The clergy man was honest, if nothing else.
The new method was not pleasant in the least.
I had experienced all manner of emotional torture in the past year. Abandonment, rejection, heartache and failure. But physical torture had been minimal, save for my chilly cell.
That was certainly a method used by the clergy, accompanied by far worse.
I was deprived of food save for what little was necessary to keep me alive.
“We cannot feed the demons within you,” said the clergyman, bowing as he exited the room.
I was placed in a heated room. “To sweat out the demons.” I slept in chambers far colder than my beast’s. “To freeze their grip on your soul.” The incense grew so thick and scented that I would pass out, rather the opposite of smelling salts.
Whether my father and Costas were aware or not I didn’t know; I couldn’t imagine my father consenting to such treatment, no matter how much he might fear my demons.
The days melted into one another without count. My mind was foggy, my heart was heavy, and my soul was branded by voices.
Voices. Voices surrounded me. Muffled, mumbled, whispering and unclear. They melded with that of the clergy men, that of a guard, that of a serving girl. Time was meaningless.
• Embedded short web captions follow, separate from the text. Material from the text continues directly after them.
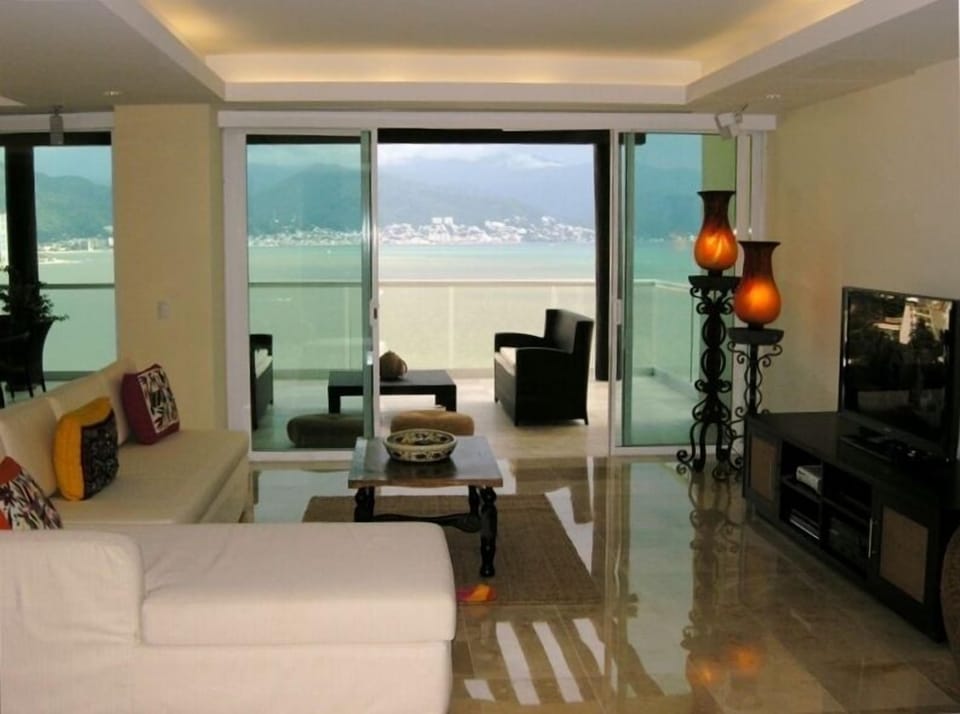 Living Room as you enter from the elevator. State of the Art home theater.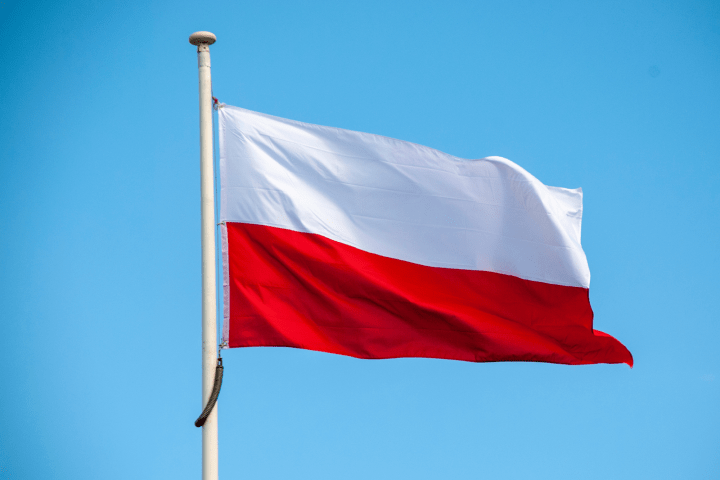 Flag of Poland waving on a pole against a clear blue sky.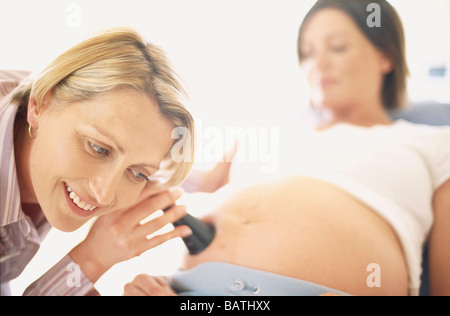 Examen obstétrique. Sage-femme(à gauche) à l'aide d'une oreille corne pressé à un pregnantwoman Banque D'Images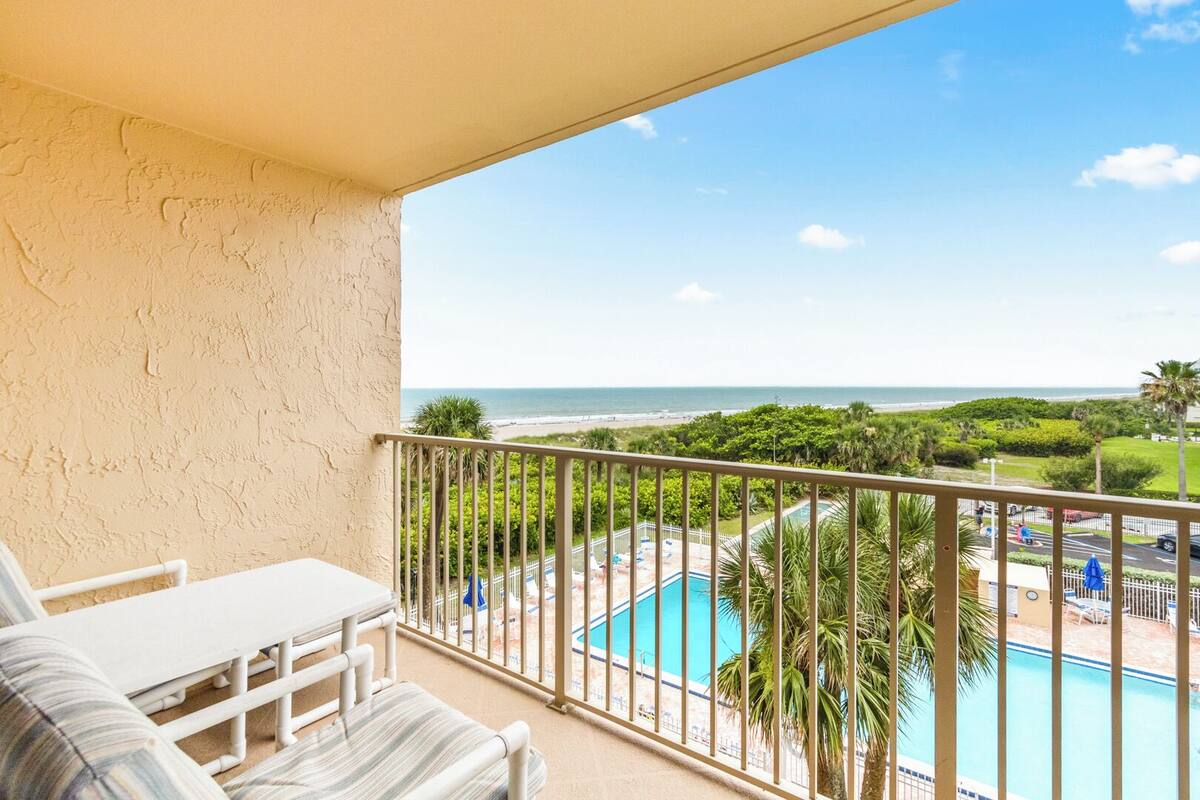 A balcony with a view of a pool and beach.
Discomfort was constant. Thoughts were vague. There was no comfort, no place to hide. I was completely exposed to these people.
I had not said another word in days. The instant my door opened, I begged. Until the moment it was closed, I was pleading.
But what for? I didn’t know anymore. I thought that perhaps it was for release. Sometimes I thought I was begging to see the Assassin. Other times, I was pleading to never see him again.
Evidently, this last plea was not proof enough that I had abandoned my previous position. The clergy grew even more grim-faced as the week closed. Had it been but a week of this new tactic?
I did not think myself so weak, I thought, mind addled still.
“Princess,” said a clergy man, looking almost sincere as he knelt before me. Perhaps he was being sincere, but I could hardly consider myself mean for disbelieving him. “Please tell us that you have recovered your soul. The king is most anxious for the cleansing to be complete.”
I think that I should have lied. But my recent conditions had done nothing to improve upon my brains, and I couldn’t bring myself to say anything false.
So that is how torture works, I thought, watching the clergy man walk out of the room while crying aloud to his patron saint.
The light outside broke down until there was a single shaft of light coming through my window. It was darkened with soot from all of the incense. I stood on shaky legs and walked to the window. Leaning against the wall, I pulled my sash off my hips to wipe away the panes of glass.
It was far enough into dusk that this brightened the room little, but I found a strange comfort in the action. Pressing my temple to the jutting stones of my wall, I looked down at the castle grounds.
Little people scurried away to their nighttime errands. A lord and lady returning late from a hunt in the woods, where I doubted that they had done very much hunting at all. Their dogs ran in circles around the horses, still full of energy.
Looking a higher, I could see the forest. Trees and shrubbery that began sparsely before turning into a thick cloak for the earth. It reminded me of thin tassels that lead to a plush rug, full of color and life with its designs, comfort in its softness. Somewhere in those woods lay a castle that was far more homelike than this one.
To think, I thought, that the castle I once called my home is now my prison, and the fortress I once called a prison is now my home.
I sank into the rug beneath me, fingering the tassels lightly. There was a bed in this room, but it was too exhausting to reach.
How did I ever expect to reach the beast’s castle when I could not even cross my own room?
My eyes closed quickly at a dry itch, and a sigh sent my shoulder digging through the soft rug and into the stone floor below. My stomach cried out for nourishment, my hair nearly made me sneeze as it still held copious amounts of holy perfume. And in spite of it all, or perhaps because of it all, I feel into a spasmodic slumber.
It was composed of fever dreams, where you attempt to do something over and over with a searing repetition. The fever dreams only broke off when I jerked awake at the thought of what the grim clergy man had next planned for me. Then the fever dreams settled in again, perhaps with a new task of equal exasperation.
Pain breaks you down.
I was never given enough time to rebuild myself out of stronger stuff. A new pain was thrust upon me before I was ever given the chance.